Could it be that the major music industry has simply wrenched every nickel they can out of the same batch of songs that the public has heard so many times that it is now worthless? I saw Dark Shadows tonight and I thought two different things when I listened to the music. First, I thought about how interesting it is how certain pieces of music can instantly transport a listener back to a different time period and how certain song seem to just represent those times eternally. Secondly, I thought about how odd it is to keep hearing the same songs over and over and over again and how it makes me as a listener not want to hear it anymore, decreasing the value of it. It's kind of like if you spent the first twenty years of your life never seeing the moon. Then, on your 21st birthday you step outside to behold the most wonderous, shinning object in the sky.
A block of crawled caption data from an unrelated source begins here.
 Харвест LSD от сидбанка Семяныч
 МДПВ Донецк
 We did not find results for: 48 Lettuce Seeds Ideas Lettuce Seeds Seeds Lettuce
You,d be amazed and in awe, but after time went by your interest in it would dissipate and with each time you look upon it you'd find less interest until one day you just completely take it for granted even though if it weren't for that object life as we know it would not exist.

So really, the major music industry has just gotten to the point that they have over exposed their own product to the point that even though it is worth something, people's interest has waned and they no longer consider it of great value or importance anymore.

Free album download at www.facebook.com/chancius

May 15 | Unregistered CommenterChancius

Hello and i agree what you mentioned in your blog post about why Music is Less Valuable than Expertise and Information...?.
i personally think people don’t appreciate music any more because of the internet and all the illegal downloads!
Music is my life and i still buy my vinyl records!
Music: less valuable than expertise and quality information?
Yes We Lost It All!
Great article to get people thinking and keep the good work up:)

May 16 | Unregistered CommenterMusic-Mike

And herein lies an amazing paradox - how does one monetize the expertise of teaching music? Sounds simple doesn't it? Tune in for an amazing new idea from discover learn and play.com - learn how 'giving' away the expertise in the (music) learning process actually makes sense (and dollars), how music publishers missed the boat, and how we are on the verge of a new era in music and music education.

@Chancius - the moon's pretty impressive but surely the most wondrous object in the sky is the Sun?
@Tarzan - you've got a chance, your ego is obviously meteor-sized, best of luck

@Annabel - all very insightful stuff, have you thought about writing some articles?

Don't get depressed, tempting as it is; keep making better music.